Предлагаемый в качестве политологического новшества утилитарно-технологический подход, возводящий бренд-политику в ранг первоосновы всей международной деятельности России, не может заменить базовые составляющие стратегического планирования ее внешней политики. Завышенное представление о КПД маркетинговой версии международного имиджа России оборачивается весьма иллюзорным оценочно-прогнозным выводом о легковесной возможности решения этой многосложной проблемы: если, мол, такая работа по формированию позитивного имиджа была выстроена еще два-три года назад, то можно было бы сформировать эффективный и позитивный имидж страны.
Впрочем, сторонники понятийно-терминологического нововведения честно признают, что концепция бренда пока не получила признания в политических кругах.
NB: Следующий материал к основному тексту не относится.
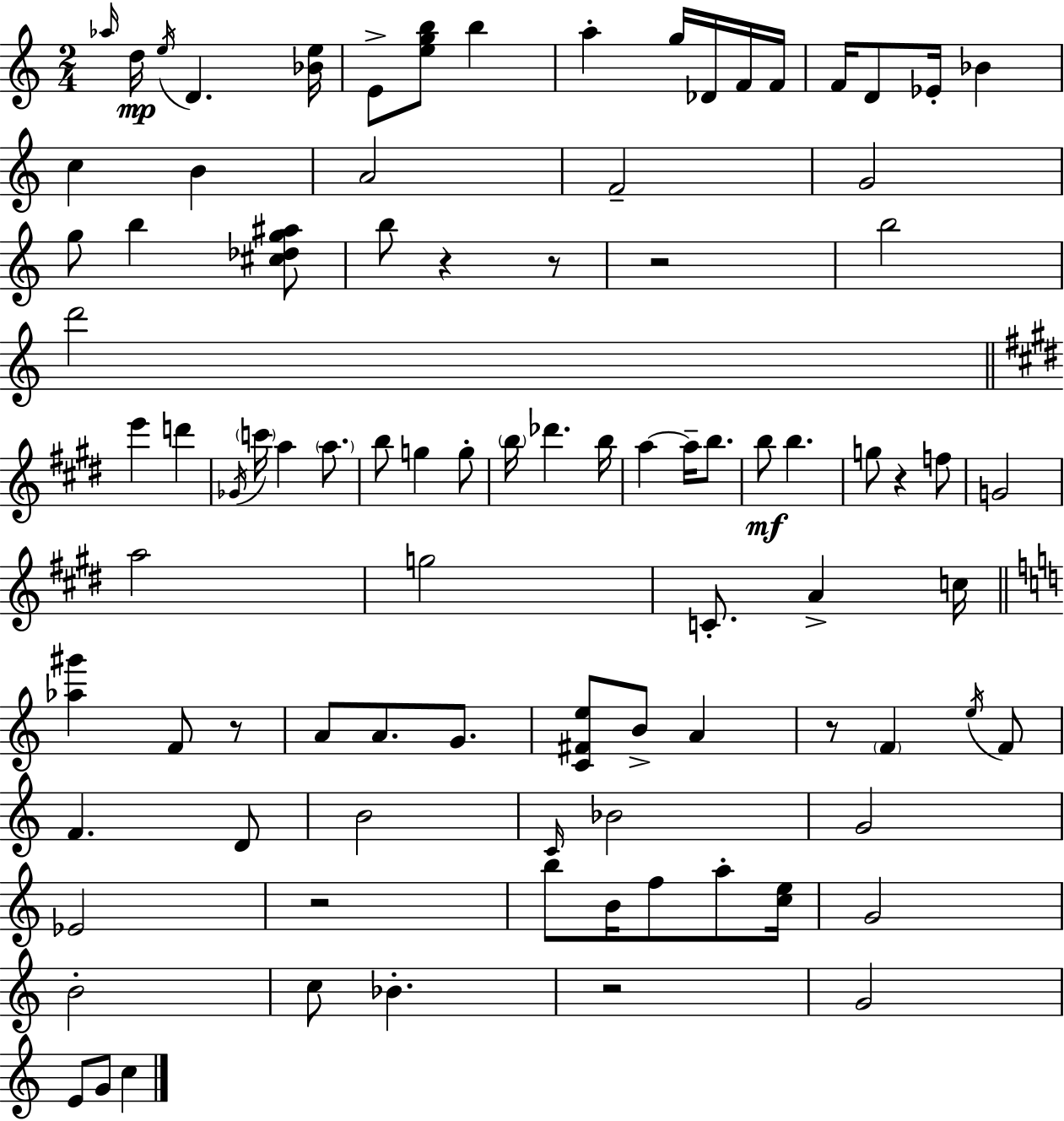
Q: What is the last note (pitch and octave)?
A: C5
Действительно, насколько известно, заинтересованной реакции российского МИДа на бренд-креатив как основу международной стратегии РФ не последовало. Похоже, перспективы его внешнеполитической эффективности и рентабельности не впечатляют дипломатическую практику. И это явно не тот случай, когда, по словам Спинозы, вещь не перестает быть истинной оттого, что не признана многими. Было бы иллюзией рассчитывать на то, что брендированная кодификация внешнеполитической стратегии России обеспечит сколько-нибудь эффективно ее геополитические интересы.
Таким образом, предлагаемый концептуальный модуль не может быть самоценным; возможности его практической функциональной применимости определяются прежде всего в контексте всей внешнеполитической стратегии России. Бренд-политика – как вспомогательный, дополнительный инструментарий – обретет определенную прикладную значимость только при условии, если будет опираться на реальный репутационный ресурс государства. Главная же задача бренд-политики видится в информационно-пропагандистском сопровождении внешнеполитической деятельности России и, конечно же, в создании благожелательного международного фона, минимизации обобщенных негативно-стереотипных представлений о происходящем во всех сферах общественной жизни внутри страны. И особое значение здесь приобретает понятийно-смысловое обозначение достаточно распространенного в политологических кругах термина «мировое имиджевое пространство». Возникает вопрос, имеющий принципиальное внешнеполитическое значение: в имиджевом ли пространстве позиционировать нашу страну и добиваться ей достойного места или все-таки в мировом репутационном пространстве, где критерии оценок геополитического статуса и реального положения государств в мире формируются по другим, неимиджевым лекалам?
Практическое расширение репутационного ресурса и продвижение международного имиджа России должны стать взаимодополняемыми компонентами ее внешнеполитической линии. Иначе стратегическая ставка на бренд-политику может обернуться очередной ловушкой приятного, кто бы спорил, самообольщения с привычным нулевым эффектом для международной репутации России.